After years of slow and steady improvement, San Diego’s commercial sector is finally beginning to feel healthy again. In particular, the office sector is improving mightily going into 2018. Has it reached a peak?
Vacancies have steadily fallen, from their recent 16% high in 2009 to 10.2% in the fourth quarter (Q4) of 2017, according to Voit Real Estate Services.
Today’s lower vacancies are driven by:
- growing employment numbers, increasing office demand; and
- very low construction
In fact, new office construction was non-existent in downtown San Diego from the recession all the way until 2017, when construction started on the first new office buildings in the area for a decade, according to Voit. As a result, absorption of office space for lease has been positive each quarter since 2010.
More common than construction during this extended recovery have been office conversions, where old, outdated space has been improved as office space for today’s more creative and free-spirited culture of workers. Startup culture isn’t limited to the Bay Area alone, and old warehouses and other outdated spaces are rapidly being revitalized across San Diego to suit.
Lease rates rose 2.7% over the previous year as of Q4 2017, a difference of 7 cents per square foot.

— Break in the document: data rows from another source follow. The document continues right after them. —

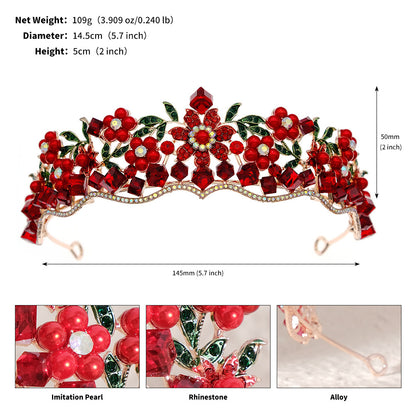 LIUVELLE Forest Style Pearl Bridal Crown – Elegant Wedding Hair Accessory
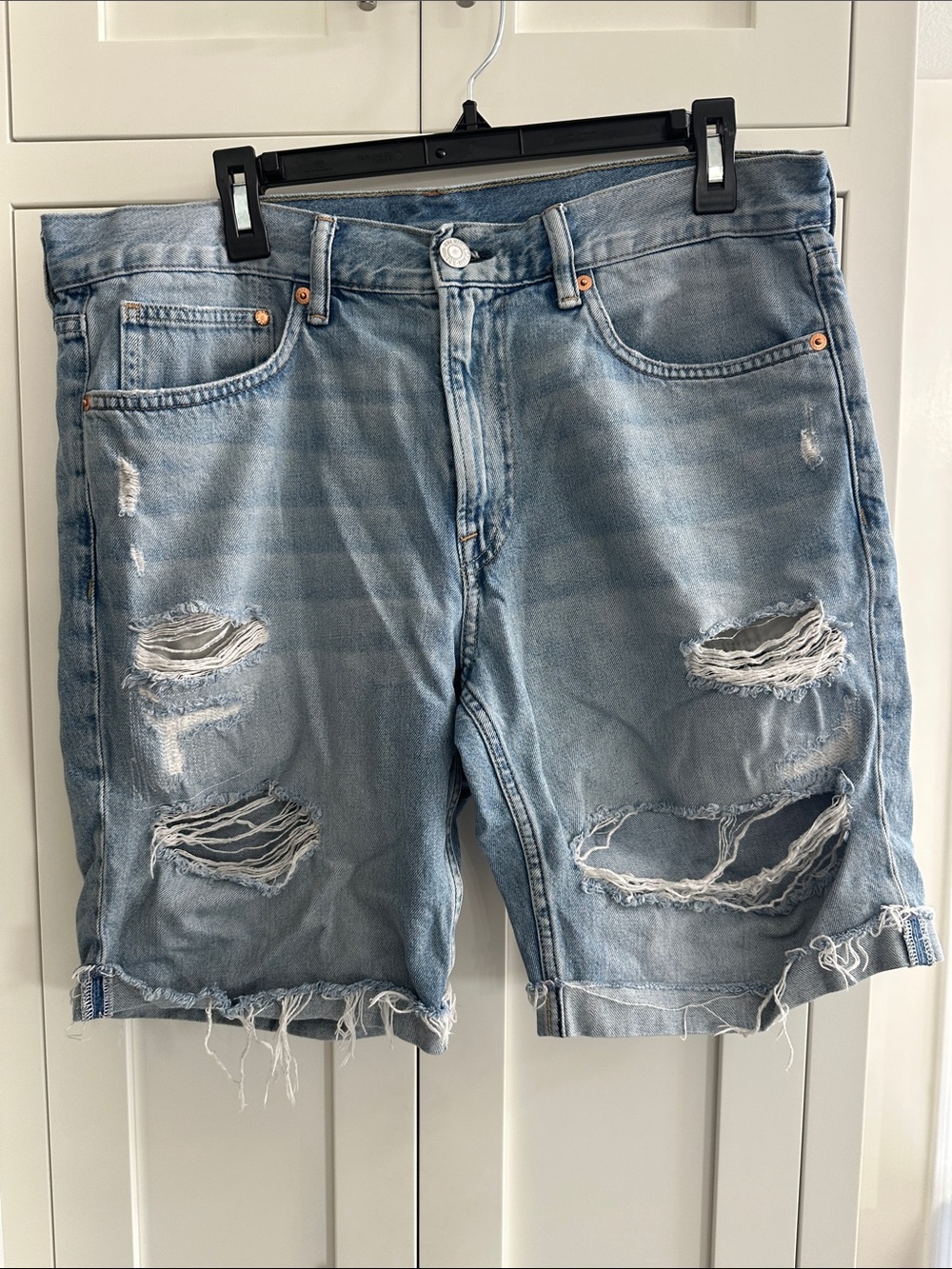 H&M Light Blue Distressed Denim Men’s Shorts 34
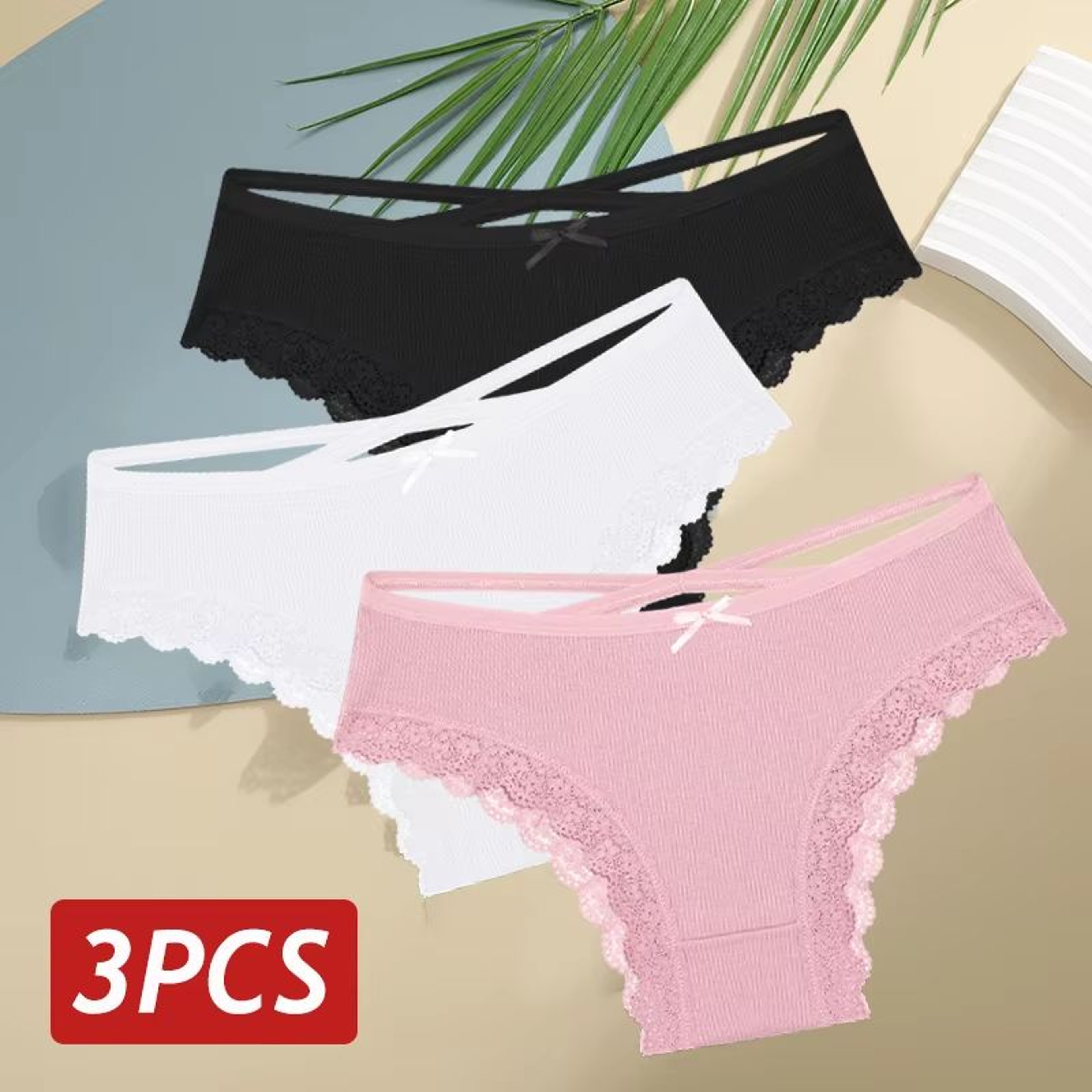 Womens 3Piece Cotton LowRise Lace Brazilian Panties Set Breathable Soft Underwear SXL 8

Forecasting office in 2018
Will the office sector continue to improve in 2018?
It depends who you ask.
A representative for JLL San Diego, a commercial real estate firm, has a positive outlook for 2018. In a recent GlobeSt interview, the representative says: “Rent will continue to increase for the foreseeable future due to the dwindling supply.” He projects the annual rent increase to be around 3%-4%.
Voit’s Q4 2017 market report is a bit less optimistic, while still being positive. They forecast positive rent growth in 2018, but caution vacancy rates won’t “tumble” nor will investment activity “soar” this year. Their overall assessment is: “The San Diego office market is steady for now and still showing definite signs of growth, but we are starting to see a slight shift in market fundamentals as we are in the latter stages of the current recovery.”
Another factor that may see the office market turn down in 2018 includes the uncertain fate of the San Diego-based Qualcomm’s merger with Broadcom. If the merger succeeds, it will result in the loss of many San Diego jobs and the sudden availability of more office space when offices are moved outside the area.
As for first tuesday, we are watching interest rates in 2018. As interest rates continue to edge higher due to Federal Reserve efforts to slow down economic growth, commercial improvement will slow, too. That’s not to suggest a crash in the commercial sector is imminent. But investors will begin demanding higher capitalization (cap) rates to make up for higher interest rates. Further, if the economic slowdown extends to the jobs market, demand in the office sector may ease up temporarily while employment recovers.
2018 is an ideal time to wait-and-see while the office market adjusts to these economic shifts.